What are your search engine choices?
If you are evaluating search engines for your project you will probably be considering our SearchUnit product against others such as Solr, ElasticSearch and Lucene. Below is an attempt to provide a frank look at the fundamental differences and likenesses of these search engines (and yes we have included weaknesses of our own product).Library versus Server
Perhaps the most fundamental difference to consider first is whether the engine is a library or a server. Your project may already be constrained to a library by its requirements, and it’s important to realize this as early as possible.
.NET Library - contained in a DLL, it runs as a part of your application. It is hosted by the .NET process that it is running in. Its DLL is bundled with your application.
Server - self-contained piece of software, it runs on the host operating system. Typically requires its own installer, and additional resources to run its own Java application server.
LIBRARIES | SERVERS | |||
---|---|---|---|---|
SearchUnit | Lucene.NET | ElasticSearch | Solr | |
Management GUI | Windows & Web | None | 3rd Party/Limited | 3rd Party/Limited |
Shared hosting OK | ✓ | ✓ | X | X |
Dedicated hosted OK | ✓ | ✓ | ✓ | ✓ |
Small footprint,(basic/initial,install requirements) | ✓ | ✓ | X | X |
OEM product inclusion, (ie can be bundled with a web application) | Easy | Easy | Harder (separate installer, or application server setup) | Harder (separate installer, or application server setup) |
API calls | Direct per standard .NET | Direct per standard .NET | Via HTTP request to server. RPC | Via HTTP request to server |
PDF, DOCX etc support | ✓ | X | ✓ | ✓ |
Azure support | Full | Full | Requires Azure VMs | Requires Linux HDInsight cluster |
Requires ASP.NET,(WebForms or MVC) | ✓ | ✓ | X | X |
To summarise, if your application is deployed to Azure, shared hosting or customer machines with an MSI, you will find a Library much easier to work with. If you have dedicated machines you can use a Library, or if there are the hardware specs necessary for a Server, then you have the option to install Solr or ElasticSearch too.
Weighing up SearchUnit against the alternatives
Features
Search engines have many many features and customers have customization requirements, all of which make comparisons long and dry. SearchUnit, ElasticSearch and Solr have a great deal of overlap – probably the biggest differentiators are:
Of the 4 above, Lucene does not have built in indexers for rich content such as pdf, MS Office etc.
SearchUnit, Lucene, ElasticSearch and Solr all support field based searching to various degrees but the latter 3 do have deeper support for field only searching.
Scaling
ElasticSearch, Solr and their commercial product derivatives are Enterprise grade search engine servers. They are capable of scaling beyond what SearchUnit currently can (it’s not easy to simply quantify that, but it’s in the ballpark of many millions of documents). SearchUnit can be hosted in server farm environments, however its indexes cannot be divided into sections (shards) that are hosted on separate machines. That means that if your project is scaling to the point where a single machine is unable to hold an entire copy of the search index (many millions of documents), SearchUnit will be unable to handle it.Implementation time/cost
SearchUnit has a simple intuitive GUI that the others do not. After running the installer you can have a searchable index running within 5 minutes, and have added search to your own pages in 10-20 more minutes.

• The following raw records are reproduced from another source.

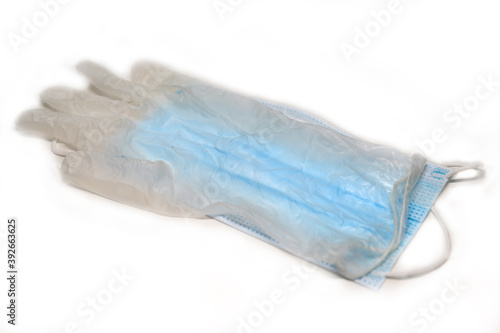 Medical dirty glove on a medical mask
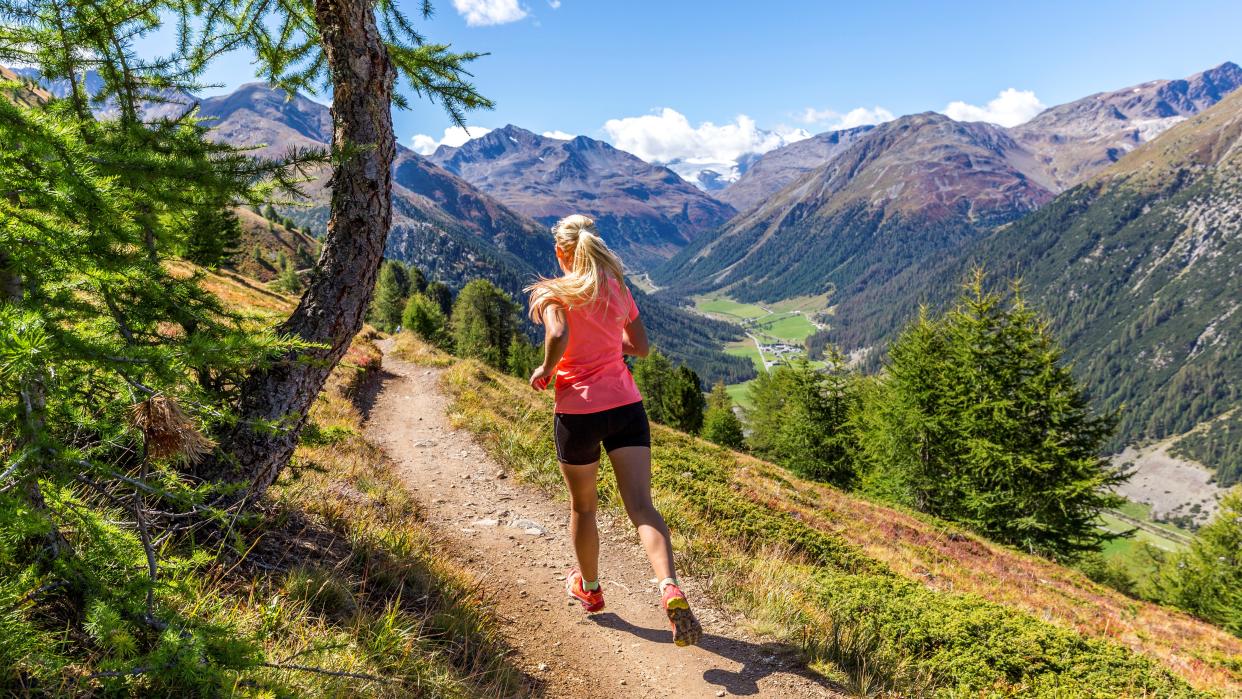  Action photo of athlete woman trail runner, running on a mountain path 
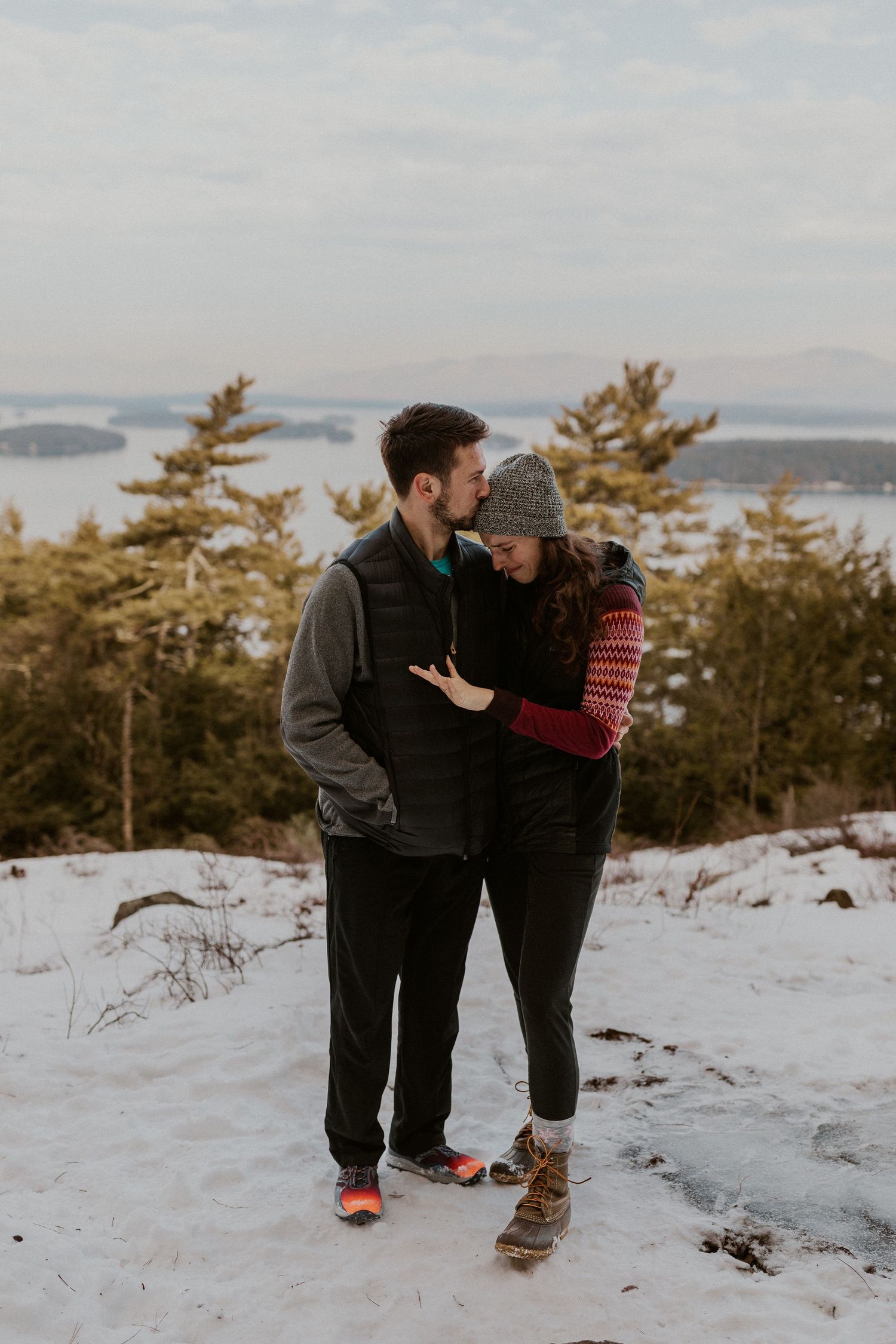 Kirsten admiring her ring while Ivan kisses her forehead in Gilford New Hampshire on Lockes Hill Trail.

Lucene is really an information retrieval system, and although it is suggested as a search engine solution it really does lack important features that a search engine requires. This is one reason that Solr and ElasticSearch (which are based on Lucene) exist.
Solr and ElasticSearch themselves have commercial wrappers, because they are not as straightforward to use as they could be. Implementing these open source engines fully will conservatively require 2 to 3 weeks, and necessitate ongoing maintenance, which puts their true cost in the high thousands.